Представим себе человека в одиночке. Представим себе: он просыпается; сначала он ничего не помнит. У него пустое сознание, в которое может войти что угодно – что он у себя дома, например. Потом вместе с каким-нибудь табуретом или углом стола в него входит действительность. Это момент за весь день самый ужасный. В этот момент расторгнута связь привычки, которая здесь единственная связь жизни. Это возвращение. Все в нем сопротивляется, кричит против этого невозможного возвращения к зажавшим его стенам. Он просто уверен, что невозможно, психологически невозможно встать и начать жить (побудка уже началась). Потом он вспоминает, что оденется, будет мыться, потом подметать свою камеру, потом ему принесут кипяток и хлеб. И от ряда привычных предстоящих действий возвращение становится возможным.

Энгельгардт

Энгельгардт так мало эгоистичен, что в нем даже нет защитного творческого эгоизма, и он с большой простотой жертвовал творчеством семье. Притом жалуясь на нужду, на болезни домашних, на тесноту.

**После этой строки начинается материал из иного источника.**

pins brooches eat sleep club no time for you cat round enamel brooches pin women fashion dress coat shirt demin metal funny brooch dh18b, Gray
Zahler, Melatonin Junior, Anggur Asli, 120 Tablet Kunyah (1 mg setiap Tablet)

– Голова разваливается. Совсем не могу работать.

Никто из нас, эгоистов, не сделал бы такого признания. Может ли эгоист через полгода после женитьбы говорить о тягости семейного существования? Для него это означало бы, что он сожалеет, упрекает жену, что он не великодушен; и эгоист симулирует твердость духа.